In a comment to the report, Britt Meelby Jensen, President and CEO of Zealand, said:
“In the last quarter and thereafter, there have been important regulatory advancements for lixisenatide and in particular for the fixed-ratio combination of lixisenatide and Lantus®, which was accepted by the US FDA for a priority review and filed for registration in Europe by Sanofi. Subsequently, the FDA called for an Advisory Committee meeting, which is coming up on 25 May, to have a discussion and recommendation on both products prior to US regulatory decisions anticipated in July and August 2016. This means we have some very important months ahead of us.”
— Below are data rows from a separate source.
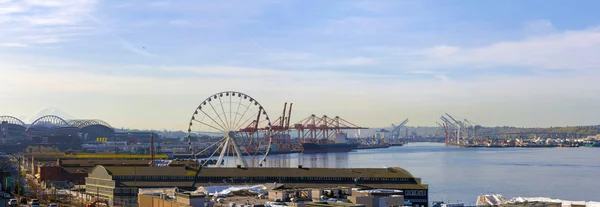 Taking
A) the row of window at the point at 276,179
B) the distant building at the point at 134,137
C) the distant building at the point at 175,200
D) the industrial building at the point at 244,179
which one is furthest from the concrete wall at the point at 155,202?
the distant building at the point at 134,137

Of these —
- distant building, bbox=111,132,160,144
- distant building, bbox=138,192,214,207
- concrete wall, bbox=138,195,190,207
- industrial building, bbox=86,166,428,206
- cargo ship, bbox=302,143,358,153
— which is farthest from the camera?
distant building, bbox=111,132,160,144

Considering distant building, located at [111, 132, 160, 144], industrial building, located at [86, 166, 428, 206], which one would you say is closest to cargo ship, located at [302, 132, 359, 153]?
distant building, located at [111, 132, 160, 144]

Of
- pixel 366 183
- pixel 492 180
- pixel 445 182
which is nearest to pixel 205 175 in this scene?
pixel 366 183

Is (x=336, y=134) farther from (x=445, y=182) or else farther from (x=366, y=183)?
(x=366, y=183)

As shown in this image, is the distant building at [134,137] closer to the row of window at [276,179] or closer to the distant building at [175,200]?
the row of window at [276,179]

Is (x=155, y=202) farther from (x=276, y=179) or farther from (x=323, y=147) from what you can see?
(x=323, y=147)

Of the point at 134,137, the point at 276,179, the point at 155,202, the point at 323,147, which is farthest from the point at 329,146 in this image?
the point at 155,202

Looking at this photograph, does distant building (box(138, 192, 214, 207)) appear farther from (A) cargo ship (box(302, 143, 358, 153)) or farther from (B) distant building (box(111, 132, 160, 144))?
Answer: (B) distant building (box(111, 132, 160, 144))

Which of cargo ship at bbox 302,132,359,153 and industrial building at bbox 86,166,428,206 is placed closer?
industrial building at bbox 86,166,428,206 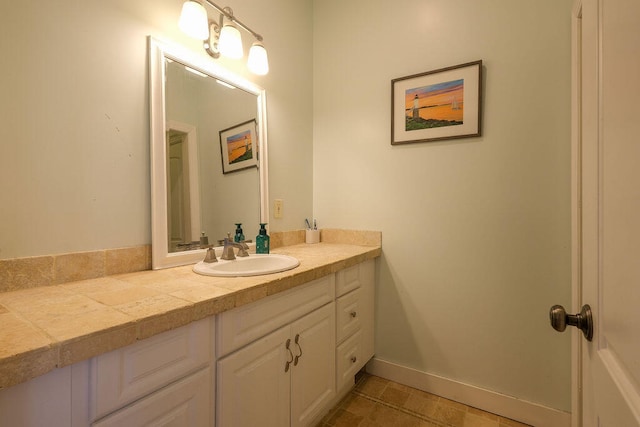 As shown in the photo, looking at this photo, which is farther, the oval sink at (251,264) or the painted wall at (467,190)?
the painted wall at (467,190)

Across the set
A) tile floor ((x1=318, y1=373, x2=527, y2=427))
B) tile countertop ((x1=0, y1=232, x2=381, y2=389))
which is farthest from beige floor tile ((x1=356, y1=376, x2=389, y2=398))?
tile countertop ((x1=0, y1=232, x2=381, y2=389))

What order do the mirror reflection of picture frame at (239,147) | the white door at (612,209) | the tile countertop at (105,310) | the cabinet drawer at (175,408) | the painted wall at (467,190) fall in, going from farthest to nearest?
the mirror reflection of picture frame at (239,147), the painted wall at (467,190), the cabinet drawer at (175,408), the tile countertop at (105,310), the white door at (612,209)

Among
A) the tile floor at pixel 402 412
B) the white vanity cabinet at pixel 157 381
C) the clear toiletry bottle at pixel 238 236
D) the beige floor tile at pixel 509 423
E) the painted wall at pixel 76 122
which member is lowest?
the beige floor tile at pixel 509 423

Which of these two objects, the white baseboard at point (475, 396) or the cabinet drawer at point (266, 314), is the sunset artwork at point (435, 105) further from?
the white baseboard at point (475, 396)

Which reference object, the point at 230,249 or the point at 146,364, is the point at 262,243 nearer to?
the point at 230,249

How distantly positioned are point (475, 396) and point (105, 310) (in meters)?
1.81

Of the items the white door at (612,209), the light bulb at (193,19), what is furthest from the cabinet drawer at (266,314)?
the light bulb at (193,19)

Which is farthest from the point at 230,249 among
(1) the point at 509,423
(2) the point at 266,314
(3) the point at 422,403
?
(1) the point at 509,423

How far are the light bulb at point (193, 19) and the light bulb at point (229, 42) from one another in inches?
5.2

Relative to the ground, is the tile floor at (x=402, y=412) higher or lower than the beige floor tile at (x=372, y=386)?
lower

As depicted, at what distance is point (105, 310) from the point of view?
72 cm

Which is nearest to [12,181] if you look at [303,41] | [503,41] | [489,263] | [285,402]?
[285,402]

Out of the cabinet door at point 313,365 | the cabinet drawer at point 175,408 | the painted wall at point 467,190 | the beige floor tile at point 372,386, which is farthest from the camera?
the beige floor tile at point 372,386

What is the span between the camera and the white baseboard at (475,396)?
1432 millimetres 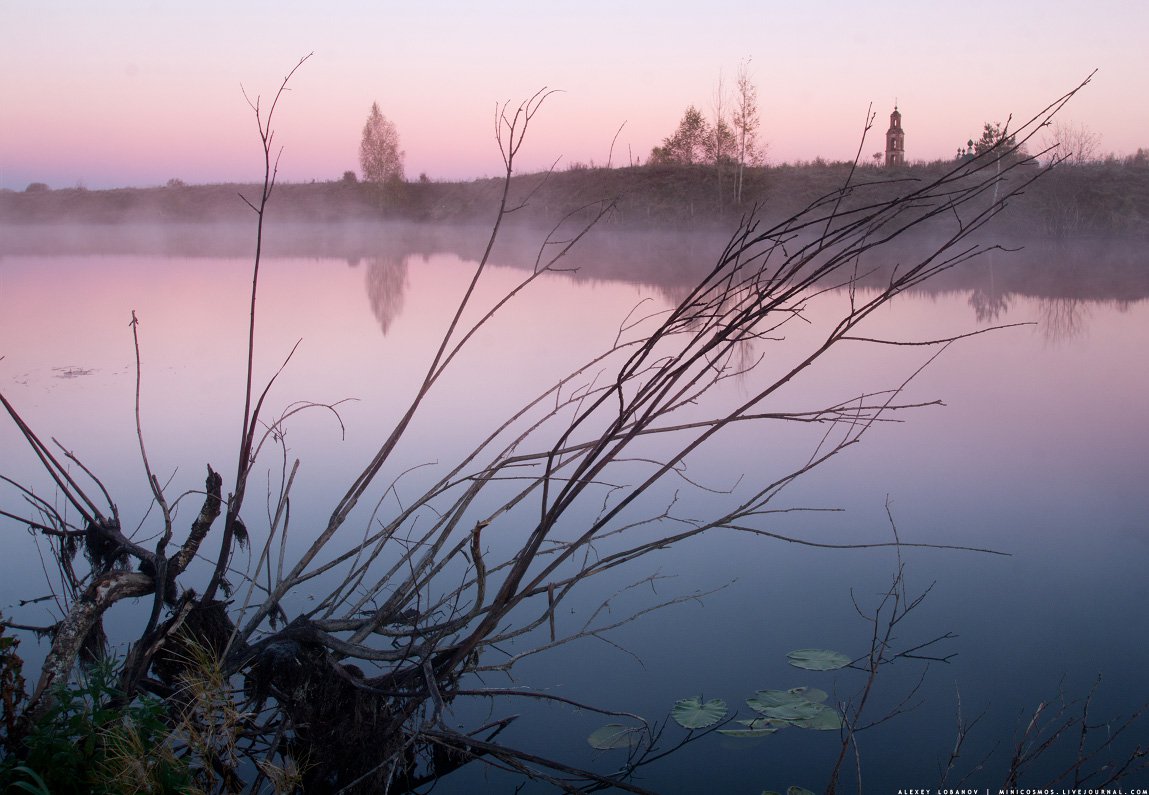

“In terms of pipeline development, I regret the negative study read-outs for danegaptide and elsiglutide. At the same time, I am very pleased with our progress with key proprietary drug candidates in Phase II; our novel glucagon analogue, ZP4207 for better treatment and management of hypoglycemia in diabetes and our GLP-2 analogue for short bowel syndrome. We have completed the enrolment of patients in our Phase II trial with ZP4207 as single-dose formulation for rescue treatment of diabetes patients with insulin shock and expect results in Q3 this year. Thereafter, we plan to start Phase II development also of our multiple-dose glucagon product intended for use in a dual-hormone artificial pancreas.”